И Никон ударил старца как бы нехотя, перетянул комнатной ключкой по хребтине, по белой нитке шрама, и он сразу налился кровью и лопнул. Позабыл патриарх каменную мощь своей длани, и бедного чернца прогнуло в государевой пуховой перине, как умирающую на морозе наважку, только что вытянутую на лед рыбацкой удой из иордани. Бешенина ослепила Никона и повлекла в омут. Никон даже что-то вскричал, вроде бы: «повинися-повинися», худо помня своих слов. Мозглеть иноческого тела, квелость худых серых мясов с резко проступающими ребрами не воззвала о жалости, но противилась ей. Вот, де, мне сладко немо вопить и корчиться под кнутом истязателя... Ах, изверги, ежедень мечтаете о рае, дозирая за чужими грехами, а душу свою губите на земле, ближних своих ввергаете в изврат. Изгоню-ка я вас бесстрашно бичом из церкви, как завещал Спаситель, и все ваши грехи взвалю на свои рамена...
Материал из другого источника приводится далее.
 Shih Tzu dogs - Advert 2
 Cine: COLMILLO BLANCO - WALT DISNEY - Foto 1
Старец не ойкнул, не простонал, ничем не выдал боли, лишь беззвучный плач прокатился по сухой спине, продавленной седлом. И эта дрожь беспомощного тела, а может, и проточка крови на квелом боку иль рудяной жгут меж лопаток вдруг раззадорили Никона и дали лютой решимости сердцу. И со всей отмашки патриарх жиганул старца по крестцу, а после по изжитым стегнам и по будылинам ног, по искривленным перстам растоптанных лап, кои на своей памяти не раз умывал, когда привечал духовного отца в своей келеице, как ближнего гостя. Бедный, бедный старец! Вскричи же, взмолись о милости, и сразу дрогнет, отмякнет душа патриарха. Не душегубец же он, не убивец, не палач с Болота, чтобы так немилосердно сокрушать ближнего своего. И он, Никон, тоже плачет втайне, молит о пощаде!..
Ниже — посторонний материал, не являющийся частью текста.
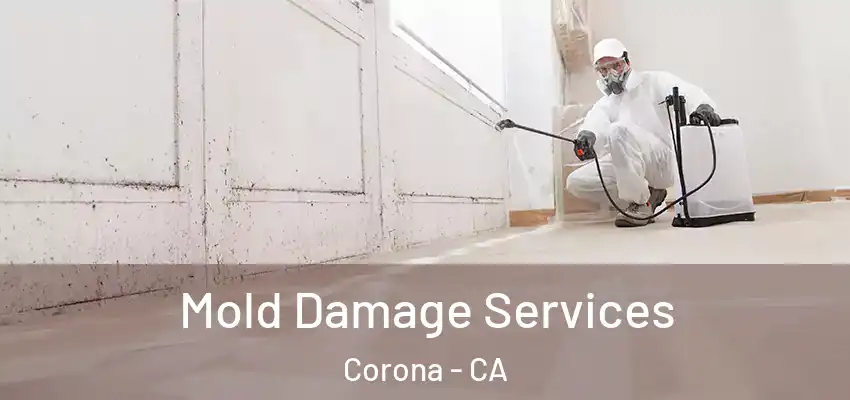  Mold Damage Services Corona - CA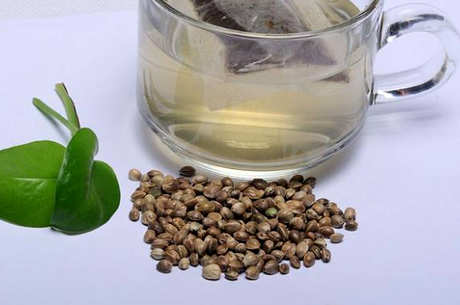 谁不能喝火麻茶？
И на последях с особой острасткой стегнул Никон ключкой и правую будылину монаха переломил надвое, так что нога завернулась стопою вовнутрь. И не сдержался старец, заскулил по-щенячьи, заверещал от боли, запрокинул с усильем голову, и увидал патриарх в напряженном выкатившемся глазе кровавую слезу. И, унимая испуг, закричал Никон:

– Изменщик... До конца дней своих гнить в застенке! Спроважу в Разбойный приказ на встряску! Пусть дознаются, заплутай, что измыслил на государя. Изгоня моя на тебя до скончания времен и анафема. – Никон бросил ключку, стряхнул старца на пол вместе с полосатой наволокой. – Эй, кто там на сенях? Спите ли што, замотаи? Патриарх вас кличет, дозваться не может!

Вбежали два недремных подьяка, смиренно поклонились. Никон спрятал взгляд. Отвернувшись к образам, приказал:

– На чепи разбойника... В Воскресенский монастырь в застенку. Пусть сгниет тамо, еродит. Он патриаршье место испакостил, охальник.
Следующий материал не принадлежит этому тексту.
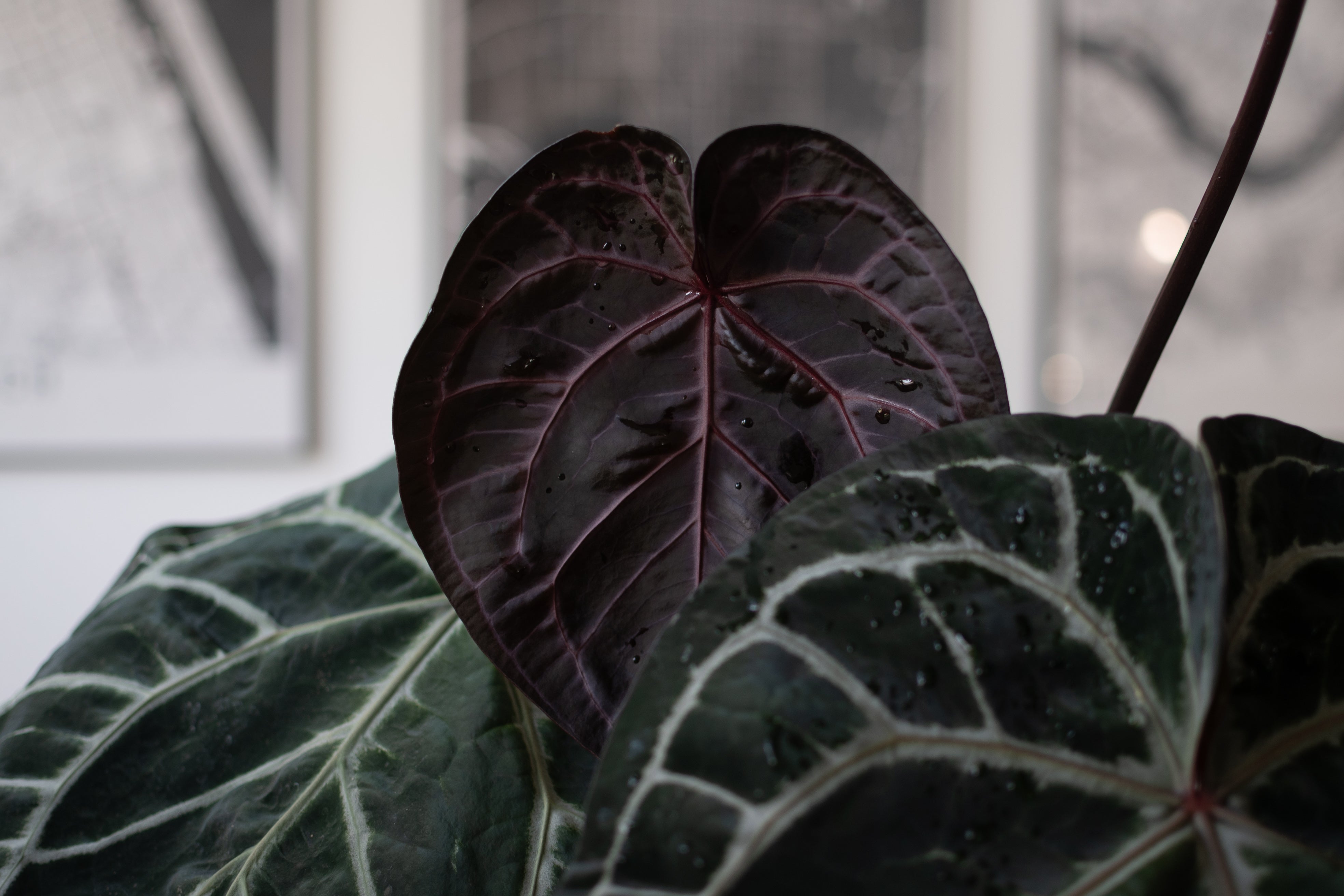 NSE Anthurium Carlablackiae X Tezula Anthurium Red Crystallinum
И когда уволокли старца Леонида в темничку, позвал Никон ближнего служку Иоанна Шушеру и велел кровать из опочивальни выкинуть немедля, а к боку ценинной печи поставить широкую лавку и покрыть новым бумажным туфаком.

Поздно иноку привыкать к государевым свычаям: от пуховой перины пролежни бывают, поясницу схватывает и в гибельный покой манит.